**Exercise requirements**
Write the data below out exactly as it stands. Do not include the pictures.

**Data supplied**
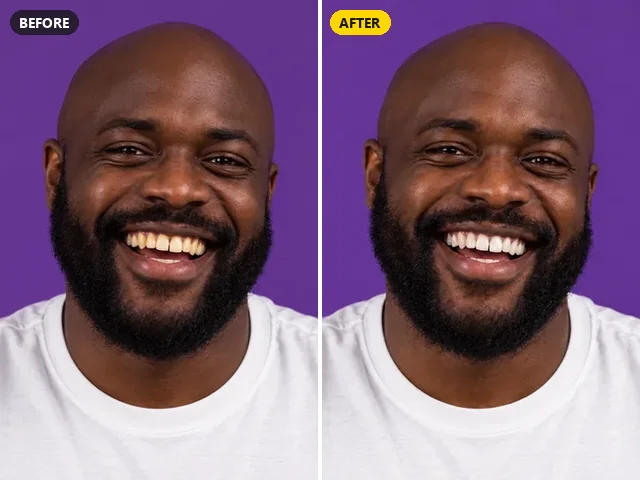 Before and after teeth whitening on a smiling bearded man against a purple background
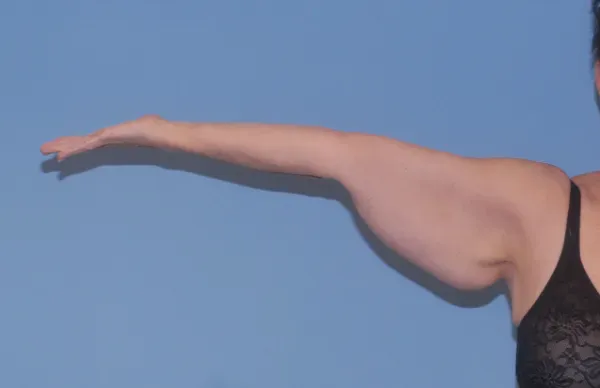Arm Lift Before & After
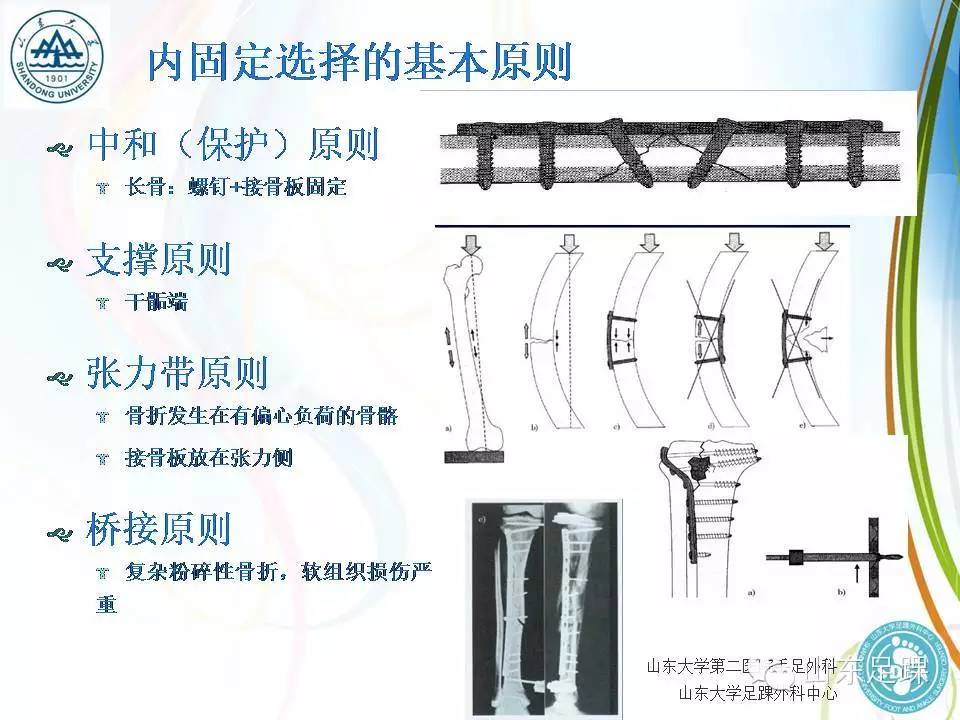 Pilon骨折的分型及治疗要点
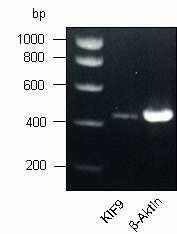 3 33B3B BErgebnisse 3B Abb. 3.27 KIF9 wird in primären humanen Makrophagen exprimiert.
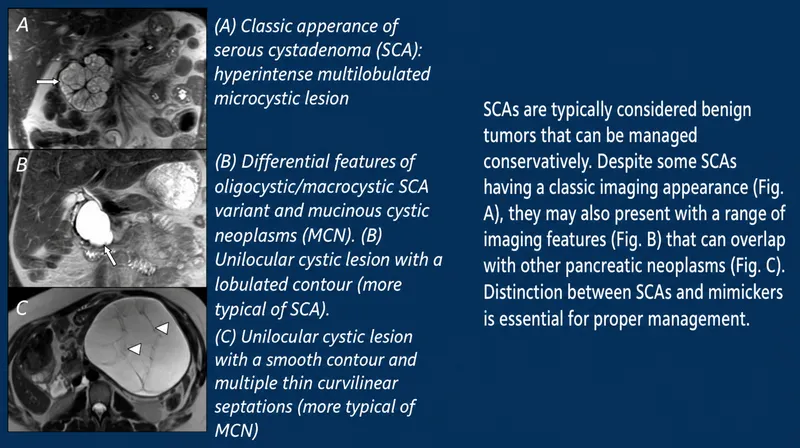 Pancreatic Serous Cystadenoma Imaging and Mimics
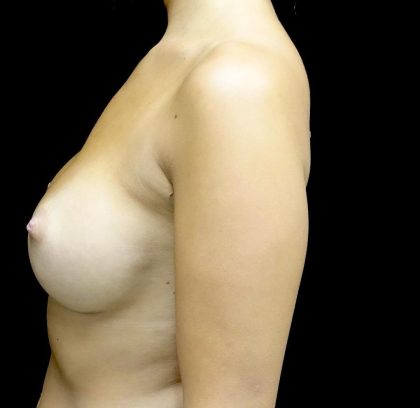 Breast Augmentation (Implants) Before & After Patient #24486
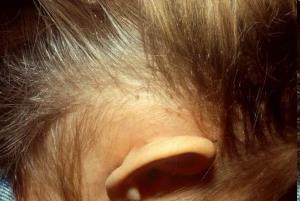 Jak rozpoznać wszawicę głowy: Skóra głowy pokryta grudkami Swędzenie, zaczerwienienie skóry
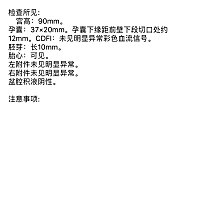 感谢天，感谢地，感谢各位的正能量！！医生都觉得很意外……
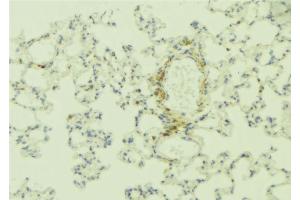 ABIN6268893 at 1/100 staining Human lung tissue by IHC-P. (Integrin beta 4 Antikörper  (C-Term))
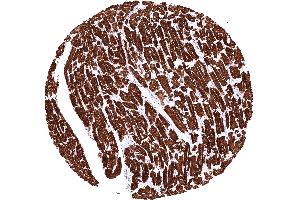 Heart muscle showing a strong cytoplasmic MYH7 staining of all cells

**Finished exercise**
 Before and after teeth whitening on a smiling bearded man against a purple background
Arm Lift Before & After
 Pilon骨折的分型及治疗要点
 3 33B3B BErgebnisse 3B Abb. 3.27 KIF9 wird in primären humanen Makrophagen exprimiert.
 Pancreatic Serous Cystadenoma Imaging and Mimics
 Breast Augmentation (Implants) Before & After Patient #24486
 Jak rozpoznać wszawicę głowy: Skóra głowy pokryta grudkami Swędzenie, zaczerwienienie skóry
 感谢天，感谢地，感谢各位的正能量！！医生都觉得很意外……
 ABIN6268893 at 1/100 staining Human lung tissue by IHC-P. (Integrin beta 4 Antikörper  (C-Term))
 Heart muscle showing a strong cytoplasmic MYH7 staining of all cells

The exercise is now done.